Former detective bids to become police commissioner

🕔31.Jul 2012

A second Independent has entered the race to become the first West Midlands Police and Crime Commissioner.

Cath Hannon, a former Detective Superintendent with the force, says she has a unique set of skills and abilities that are not available to any other candidate for the £100,000-a-year job.

On a website launched this week, Ms Hannon says she will not be “restricted by political boundaries and alliances” and will use her 30 years of experience as a police officer to keep the people of the West Midlands safe.

Birmingham-born Ms Hannon retired from the police force in 2010.

Her manifesto states: “I tackled a wide range of criminality including burglary, anti-social behaviour, terrorism, domestic extremism, organised crime and gang violence, through the development of innovative initiatives to protect the residents of the West Midlands.

“I’ve also led multi-agency teams to improve police investigations and support for victims of sexual assault, domestic violence, forced marriage, honour- based violence as well as safeguarding children and vulnerable adults.

“With my teams I also built strategic police partnerships across national and international boundaries to increase community safety through the active policing and supervision of violent and sexual offenders.

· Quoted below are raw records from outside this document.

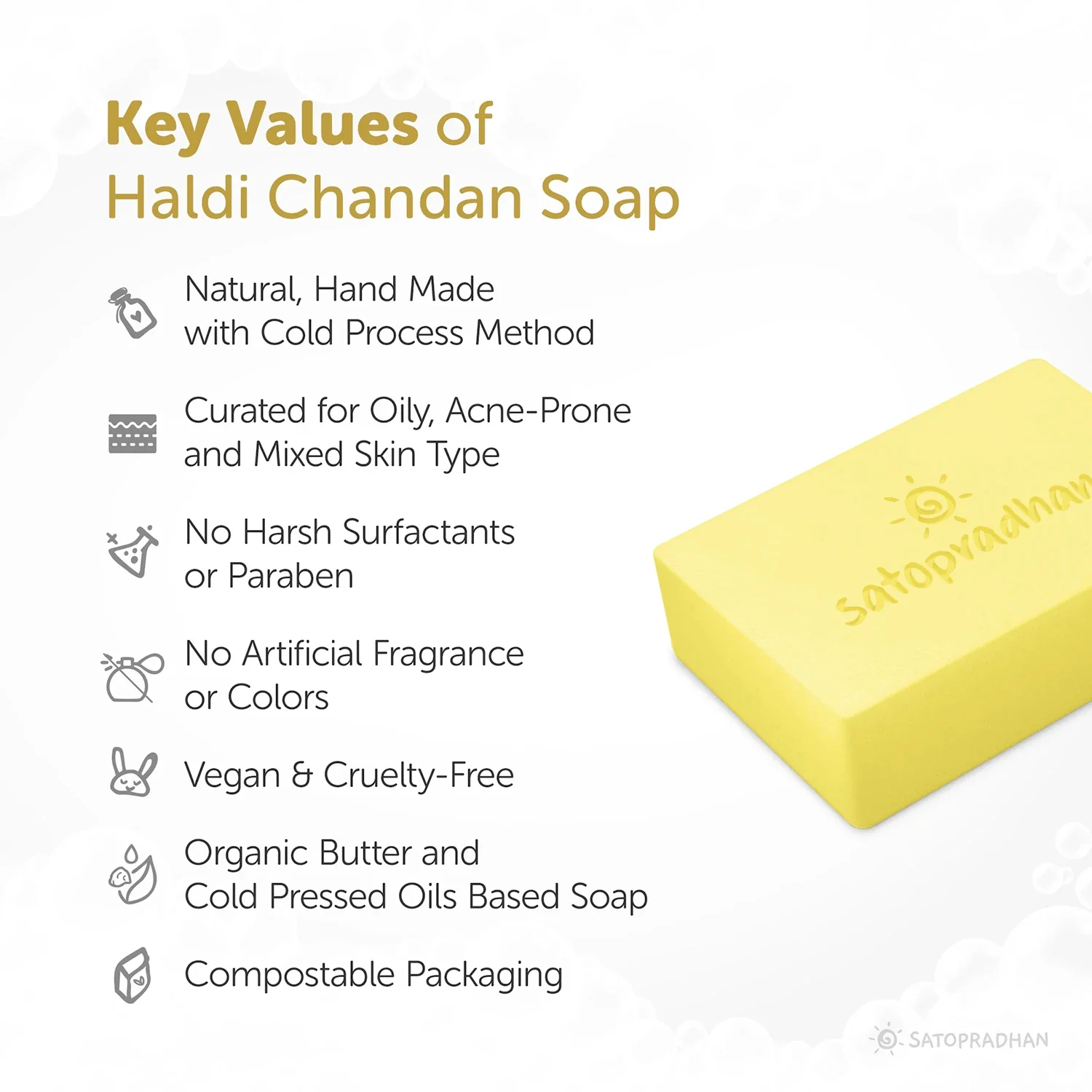 Anti-Ageing Haldi Chandan Soap 120g - Cold Processed Handmade Organic Vegan & Natural Soap - Image 3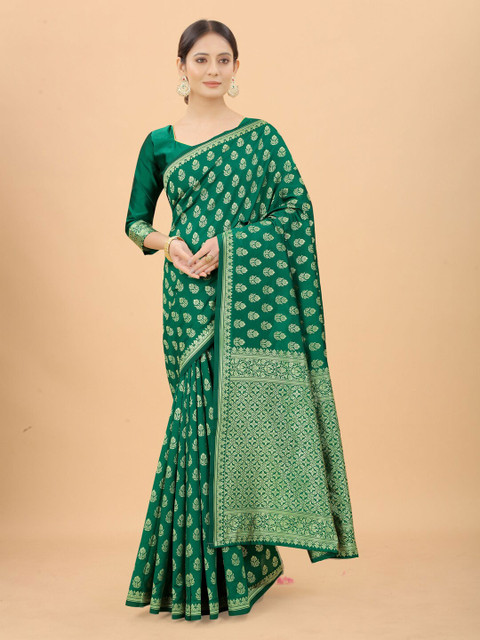 WELL WORN Green & Gold-Toned Woven Design Zari Silk Cotton Ready To Wear Banarasi Saree
WELL WORN Green & Gold-Toned Woven Design Zari Silk Cotton Ready To Wear Banarasi Saree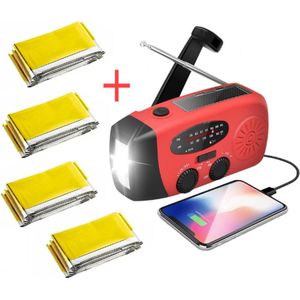 Noodradio + Waterdichte overlevingsdeken Set - Radio Op Batterijen (Accu) Voor Rampen - Oplaadbare radio 1stuks - Waterdichte overlevingsdeken 4 stuks - Oplaadbaar via batterij, zon, USB en opwinden - Reflecterende thermische nooddeken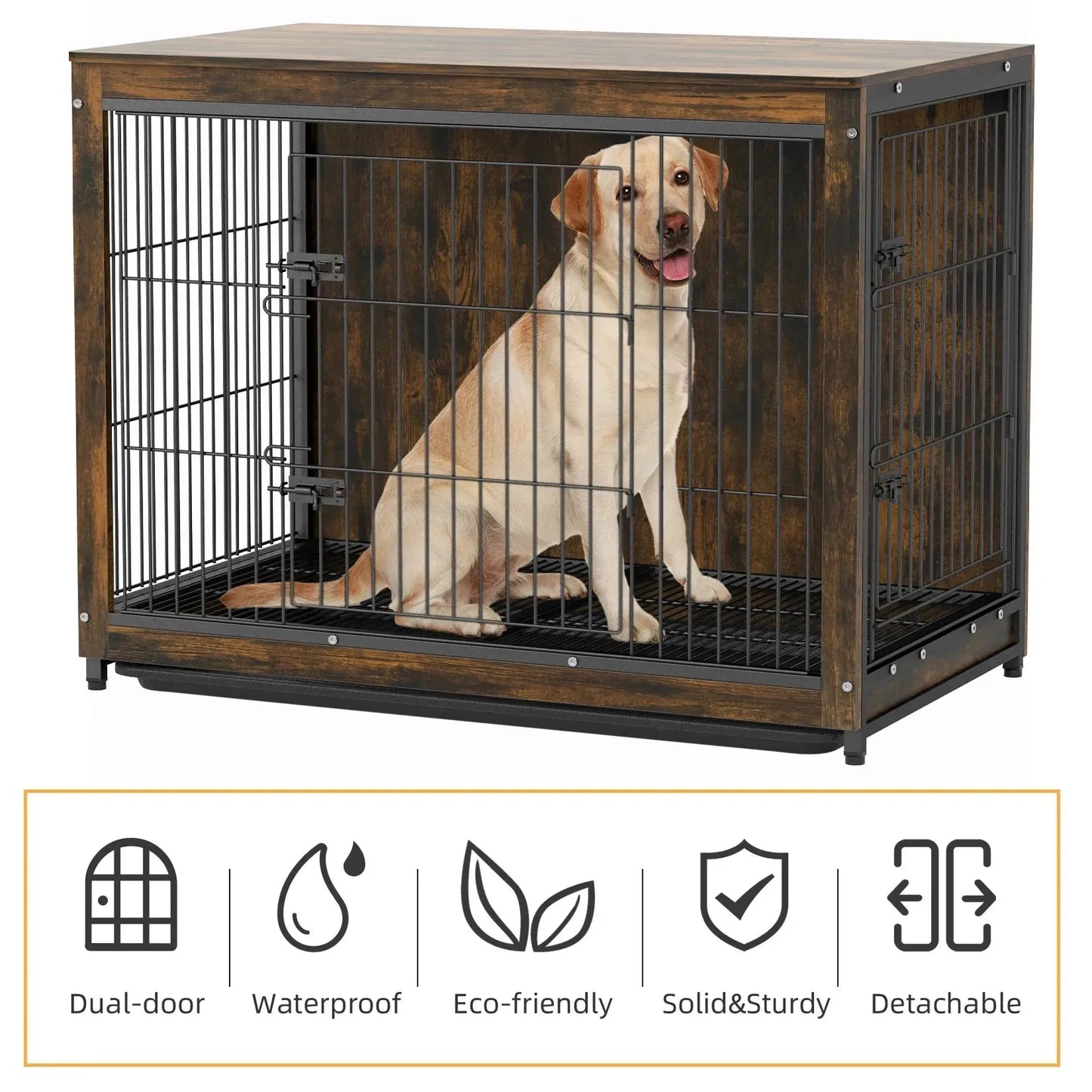 Spacious Dog Cage Furniture End Table Pet Kennel Crate Indoor Wooden Furniture Brown Medium and Large Animal Cage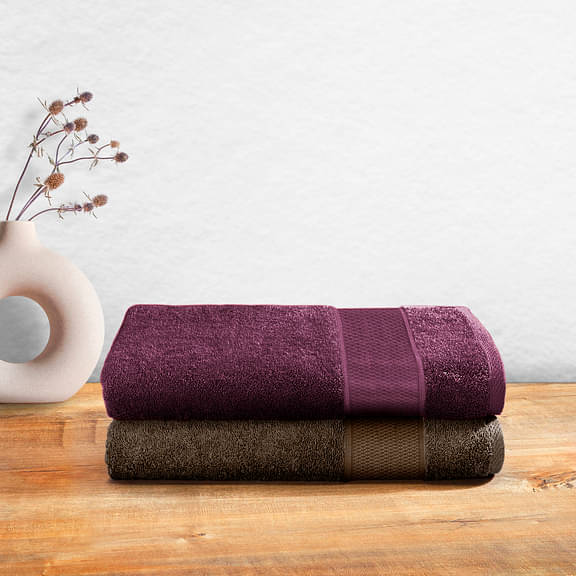 Wakefit Terry Premium Bath Towel Set of 2 (100% cotton, 500 GSM, Cafe Noir & Grape Wine)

“Since 2010 I’ve worked for the General Social Care Council and become a trustee for the Rape and Sexual Violence Project (RSVP) which provides support and counselling for men and women in the Birmingham and Solihull areas.”

If elected Police and Crime Commissioner, Ms Hannon promises to:

  • Ensure that views are heard and acted upon through on-going communication and implement a new and active partnership between the public and the police;
  • Cut crime that concerns people most by consulting communities and businesses to ensure we deliver the right resources, in the right places, at the right time;
  • Review the criminal justice system to ensure that victims and witnesses are at the heart of the process, every time;
  • Tackle violent crime, abuse and hate crimes head on, to help make communities safer.

Ms Hannon is the second former police officer to contest the PCC position.

Retired detective Mike Rumble has also announced his intention to stand as an Independent.

Mr Rumble says he wants to make sure that party politics plays no part in running the police service.

On his website, he lists priorities for the PCC:

· Consult openly and regularly with the residents of the West Midlands.
· Work with the Chief Constable to address your concerns.
· Draw an immediate halt to any further redundancies and reductions of police officers and support staff.

Ms Hannon and Mr Rumble will face Labour candidate Bob Jones and Conservative Matt Bennett at the elections on November 15.

In common with all candidates, the pair will each have to pay a £5,000 deposit which will be lost if either fails to gain more than five per cent of votes cast.